Shared custody arrangements are popular partly because they can minimize child support. If a child spends one week with Mom and the next week with Dad, and both parents earn about the same amount, then the court may not award any child support.
An Iowa mother may be ordered to pay child support if she has higher income than the father, and the father has full or partial custody of the children. Britney Spears pays child support to Kevin Federline, for their two sons.
Child support is based on the non-custodial parent’s earnings, compared to the custodial parent’s earnings. A corporate CEO who earns $2 million per year will be ordered to pay more child support than a restaurant manager making $50,000 per year. Usually the child support amount is per child, and continues until that child is 18 years old. Another factor is how much time the child spends with each parent. A father who has his children every weekend will pay less child support than a father who has his children only 2 weekends per year.
Once the court orders child support enforcement is strict. The Iowa Department of Human Services will assist custodial parents in collecting unpaid child support. If necessary, they will withhold the wages of the non-custodial parent, to ensure that child support is paid.
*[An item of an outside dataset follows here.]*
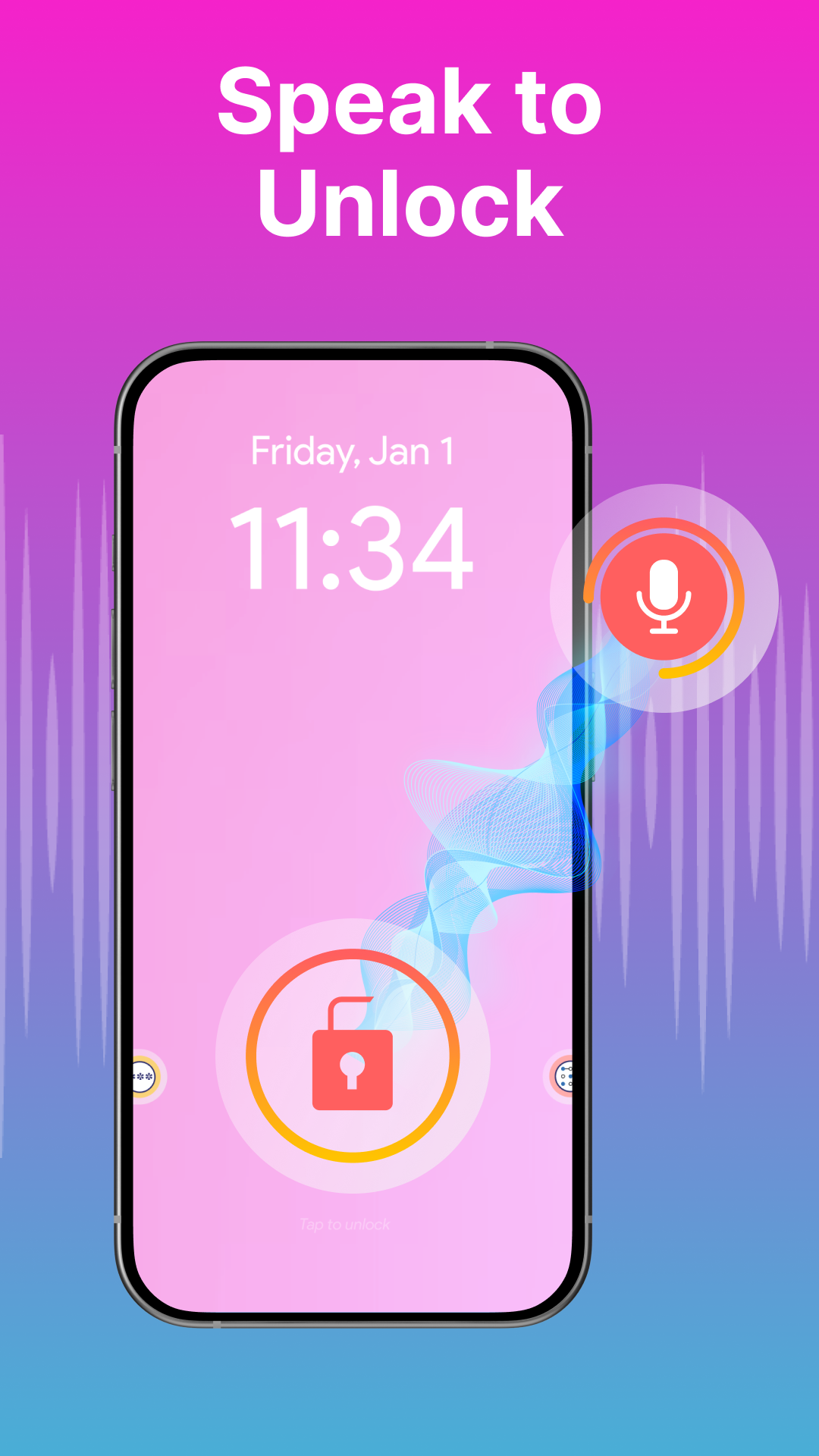 اسکرین شات 2 برنامه Voice Lock Screen - Voice Lock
Like other states, Iowa requires that employers report new hires, so the state can collect delinquent child support payments.
When a father or mother paying child support loses his or her job, they cannot automatically stop paying child support. The court order is unchanged, and the non-custodial parent is still responsible for child support. The parent can return to court and ask that child support payments be reduced. This is a wise measure to take when the father is unemployed for more than a few months, or when the father’s income is permanently reduced.